Ce grand livre d’Hannah Arendt, publié pour la première fois en anglais en 1951 sous le titre The Origins of Totalitarism, n’est traduit en français qu’en 1972 et 1975, en trois livres distincts. Il a fallu attendre l’édition par Pierre Bouretz en 2002 pour la publication française complète en un seul volume, conforme aux intentions de l’auteur. Dans les années 1950, le monde intellectuel français était placé sous l’influence communiste.

Étant donné que l’ouvrage d’Arendt identifiait le communisme soviétique et le nazisme allemand comme les deux formes jumelles du totalitarisme, les intellectuels français l’ont trouvé « politiquement incorrect ». C’est ce qui explique sa traduction tardive et son importance dans le contexte français où sa publication a brisé les tabous politiques sur le régime communiste stalinien.

Cet ouvrage met en œuvre une approche principalement philosophique. Arendt essaie de dégager le sens ou l’essence du totalitarisme, tout en s’appuyant sur l’histoire et la sociologie. L’hypothèse principale du livre est que, contrairement aux autres régimes politiques, le totalitarisme exige la participation active de la population. La passivité et l’indifférence étant insuffisantes, chaque individu doit vivre, sur le plan privé et public, selon les exigences de l’État totalitaire, qui découlent de son projet révolutionnaire de création d’un « homme nouveau ». Privés de toutes leurs libertés individuelles, les individus doivent être en « mouvement » et répondre aux sollicitations de l’État totalitaire pour se conformer à son projet révolutionnaire.

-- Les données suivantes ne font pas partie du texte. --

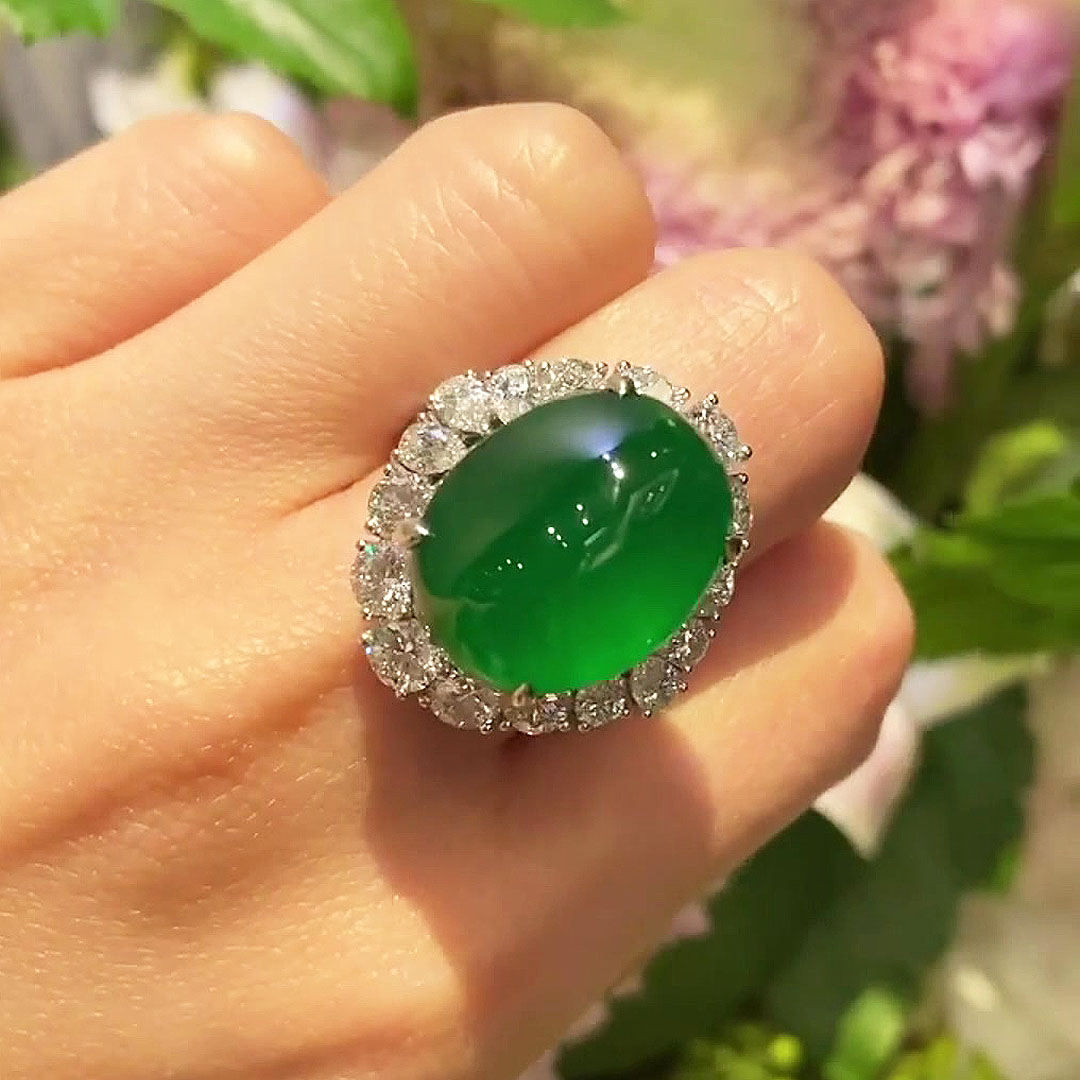 17.5ct Luxury Halo Multi-cut Emerald Sapphire Engagement Ring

En créant sans cesse un ennemi, il justifie ses actions extrêmes et parvient à maintenir la terreur en continu. C’est avec la « gouvernance par la terreur constante » que le régime parvient à obtenir la soumission totale et ininterrompue des individus.

2. Les masses font leur entrée dans la politique

Selon Arendt, on néglige souvent le fait que les leaders totalitaires commandent et s’appuient sur les masses jusqu’au bout. Par exemple, l’accession de Hitler au pouvoir était complètement légale, selon la règle majoritaire. De fait, les mouvements totalitaires sont impossibles dans des pays à population réduite ; ils ont besoin des masses. La philosophe définit les masses comme l’ensemble des gens qui ne sont pas unis par la conscience des intérêts de la classe.

Ce sont des gens qui, pour une raison quelconque, ne peuvent s’intégrer dans aucune organisation (parti, syndicat, organisation professionnelle, etc.). De là découle un trait des mouvements totalitaires : ils recrutent leurs adhérents dans cette masse de gens « indifférents » auxquels les partis politiques avaient renoncé.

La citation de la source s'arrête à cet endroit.